I've run into what sounds like a similar problem, but dove in and found more details. Here's the setup:
-19 nodes running BATMAN-adv 2014.14.0 on OpenWrt Chaos Calmer; various hardware (D-Link, BBB, Open-Mesh, WRTnode, TP-Link). -bat0 using ad-hoc interface on each node -bat0 bridged (br-lan) with Ethernet -br-lan on all nodes (except node 1) get DHCPv4 address from dnsmasq running on node 1 -A few PCs are hard-wired to LAN on node 1, one PC wired to LAN at node 11, all other nodes completely standalone -WAN on node 1 connected to building network - only connection to any outside network -DAT enabled -BLA disabled
Problem: After several weeks uptime, node 1 could no longer SSH or ping (L3) node 3. Tcpdumps showed ping rec'd at node 3 and node 3 replied, but reply never arrived at node 1. Linux PC wired to LAN at node 1 successfully pings node 3. L2 ping (via batctl) works between nodes 1 and 3. Further investigation showed two entries for node 1's br-lan MAC in the global translation table at node 3. Secondary entry was correct; primary entry pointed to node 4. Node 4's tables (local and global) were both correct.

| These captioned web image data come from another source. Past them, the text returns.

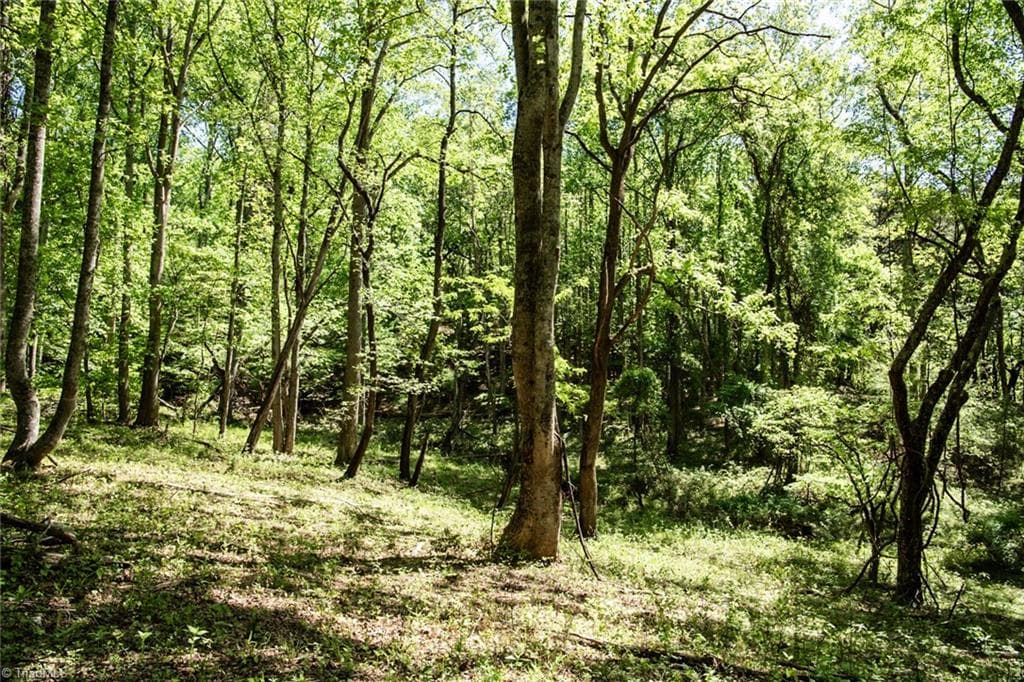 Unimproved Land at 000 Swaringen Road, Traphill NC 28685, photo 15 of 45
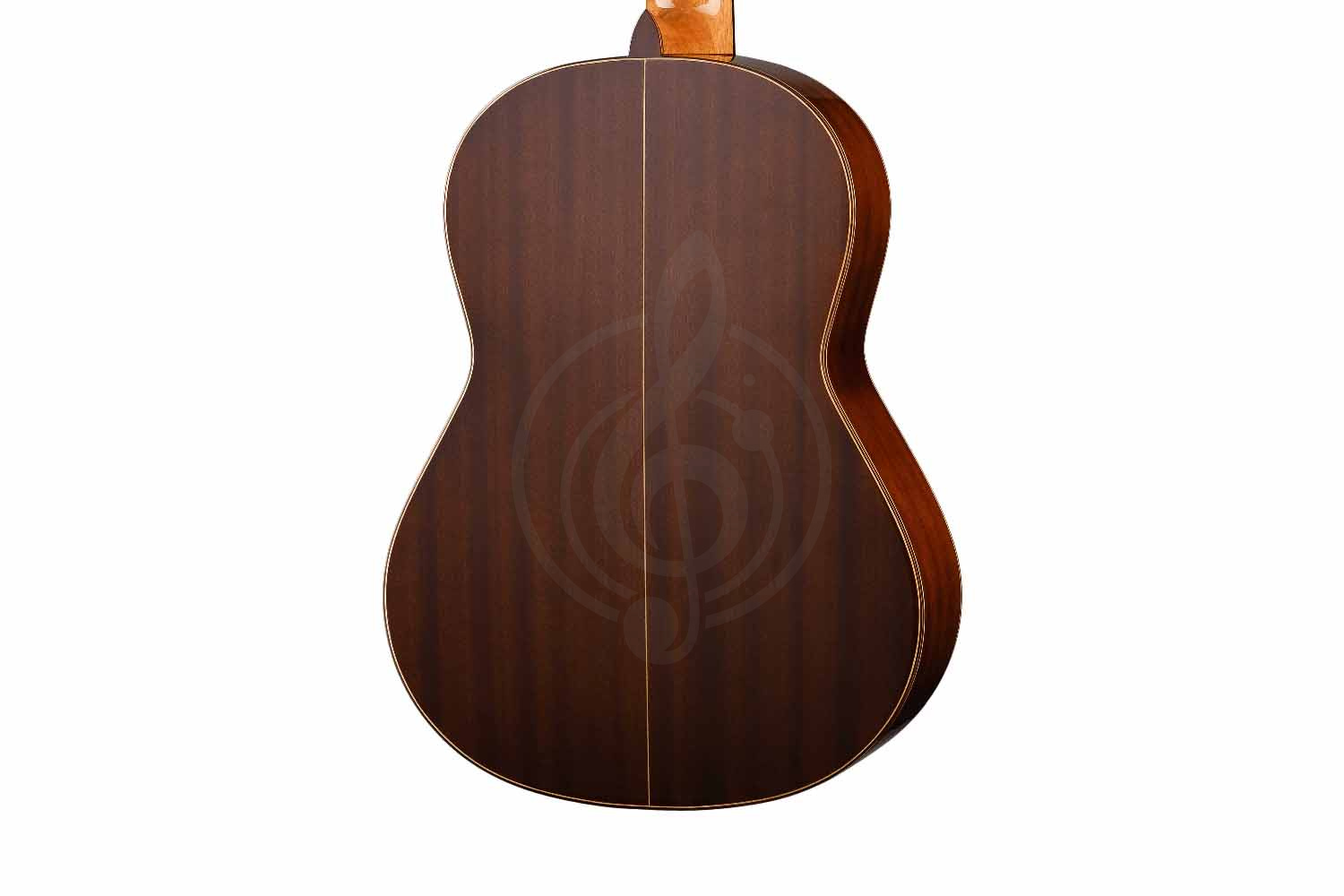 Классическая гитара 4/4 Prodipe JMFSOLOIST700 - Классическая гитара, Prodipe JMFSOLOIST700 в магазине Доминанта мьюзик - фото 5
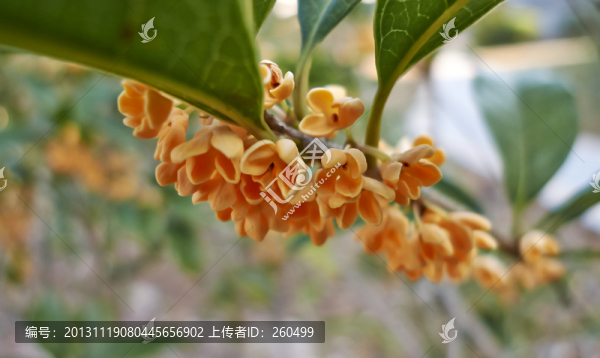 桂花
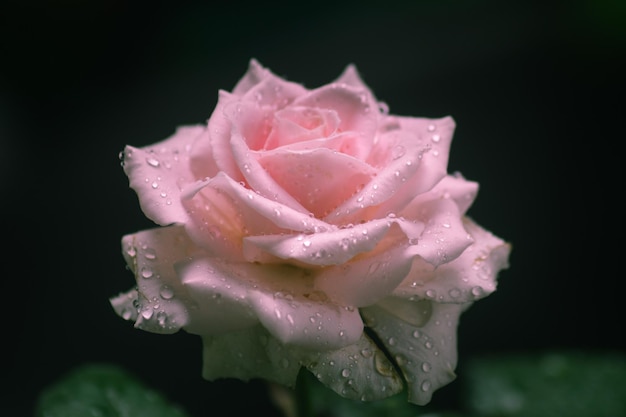 Rosa rosa que floresce e tem gotas de água em suas pétalas Fundo de flores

root@WifiMesh-03:~# batctl tg | grep c8:d3:a3:70:a9:b0 * 42:5e:78:f3:50:7e 0 ( 2) via c8:d3:a3:70:a9:b0 ( 25) (0xd7886ba8) [....] * c8:d3:a3:70:a9:b0 -1 ( 19) via c8:d3:a3:70:a9:53 ( 19) (0x10e4856e) [....] + c8:d3:a3:70:a9:b0 -1 ( 2) via c8:d3:a3:70:a9:b0 ( 25) (0x352c5b78) [....] * 42:5e:78:f3:50:7e -1 ( 2) via c8:d3:a3:70:a9:b0 ( 25) (0x352c5b78) [....]
(Yes, br-lan and adhoc0 have same MAC on node 1. Yes, these are D-Link routers.) ...50:7e is bat0 at node 1, ...a9:b0 is adhoc0/br-lan at node 1, ...a9:53 is adhoc0/br-lan at node 4
This part may be odd: problem persisted for a few days while I investigated, but resolved immediately after viewing the tables on node 4. May be coincidence, though, because it didn't work for the following nodes.
At same time, same problem existed with two other nodes on the mesh: node 13 (an OM2P-HS) matched node 3's global table; node 9 (a WRTnode) showed a primary entry for node 1's br-lan using yet another originator. Rebooted nodes to resolve. Problem happened again more recently, but the destination MAC was that of the Linux PC mentioned above, attached to the LAN on node 1. In this case, most nodes' global tables showed two entries for that MAC, though the originator in the primary entry was not consistent.
I plan to test with a more recent version of BATMAN-adv once I standardize on one model of hardware for the nodes (should be within the next few months). In the meantime, I plan to watch for secondary entries in the global translation tables since the current configuration should never result one client being accessible through multiple nodes.
Thanks, -Nick
-----Original Message----- From: B.A.T.M.A.N [mailto:b.a.t.m.a.n-bounces@lists.open-mesh.org] On Behalf Of Sven Eckelmann Sent: Monday, May 02, 2016 9:55 AM To: b.a.t.m.a.n@lists.open-mesh.org Subject: Re: [B.A.T.M.A.N.] mesh losing internal Ilayer3 connectivity
On Monday 02 May 2016 21:57:49 Karl Auer wrote:
My apologies up front for a newbie question in this apparently very technical list. If there is a more appropriate list or forum please direct me to it.
I'm running batman-adv (Chaos Calmer, r47065) on OpenWRT on the GL -AR150 platform.
Are you using v2016.1 or some older version of batman-adv? If you use something like v2014.4.
What kind of layer 3 are you using? IPv4/IPv6/...? What is you current configuration (for example are you have enabled DAT, BLA, ...). Did you check what exactly goes over the air and what the device (the adhoc one) receives/sends? What is what the data sent/received over the batman-adv devices?
Did you hardcode the mac address of the batman-adv device or are you let it change to a random value on each device creation? Is the device part of a bridge or is the IP configured directly on the batman-adv device?
Are you sure that the conntrack for the masquerade over the mesh isn't broken? Why are you masquerade over the mesh anyway?
Kind regards, Sven